= John Jenner Weir =

English naturalist (1822 - 1894)

John Jenner Weir

John Jenner Weir, FLS, FZS (9 August 1822 – 23 March 1894) was an English amateur entomologist, ornithologist and British civil servant. He is best known today for being one of the naturalists who corresponded with and provided important data to both Charles Darwin and Alfred Russel Wallace.

He played an important role in the formulation of Wallace's theory of aposematism, providing the first experimental evidence for the effectiveness, and hence the existence, of warning coloration in caterpillars.

== Life and civil service career ==

Weir was born on 9 August 1822. at Lewes in East Sussex. He joined the customs service in 1839, rising to the high position of Accountant and Controller-General of Customs in London in 1874. He would hold that post until his retirement in 1885.

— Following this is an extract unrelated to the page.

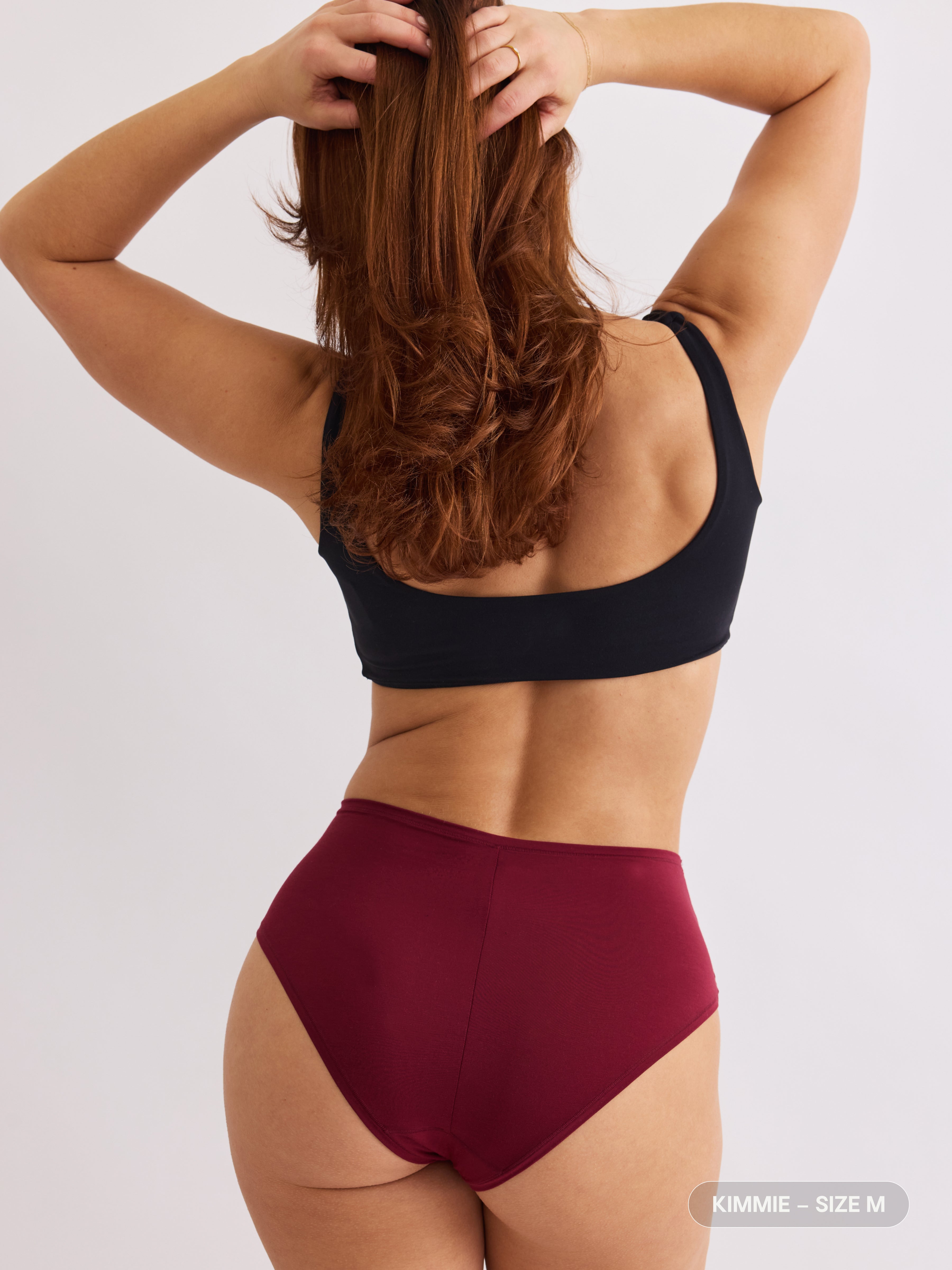 model A wearing red pair of sustainable non-toxic women's underwear back view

== Work as a naturalist ==

Weir was an amateur naturalist who pursued interests in entomology, the study of insects, ornithology, the study of birds, and botany, the study of plants. His initial interest was in Lepidoptera (butterflies and moths) and the first paper he ever published, in 1845, was on the discovery of the scarce forester moth, Jordanita (Adscita) globulariae, in Lewes. He was noted for his work collecting and setting very small Lepidoptera until an accident in 1870 resulted in the loss of the top half of his left thumb, which prevented him from setting very small insects. He kept birds in an aviary in his garden where he conducted experiments on predation of insects by birds.

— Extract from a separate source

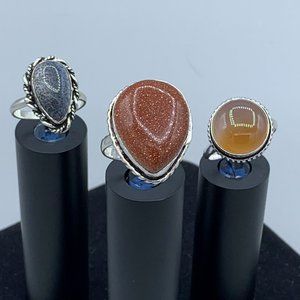 Set Of 3 Silver Toned Rings With Orange & Grey Stones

Weir was a well-known figure and popular among his fellow British entomologists. For four years he was treasurer of the Entomological Society of London and two times its vice president. Shortly before his death he was elected president of the South London Entomological and Natural History Society. He was a fellow of both the Linnean Society and the Zoological Society.

=== Correspondence with Darwin ===

Weir was a frequent correspondent of Charles Darwin. Darwin cited a number of his observations in The Descent of Man, and Selection in Relation to Sex, as well as in The Variation of Animals and Plants Under Domestication, and The Expression of the Emotions in Man and Animals.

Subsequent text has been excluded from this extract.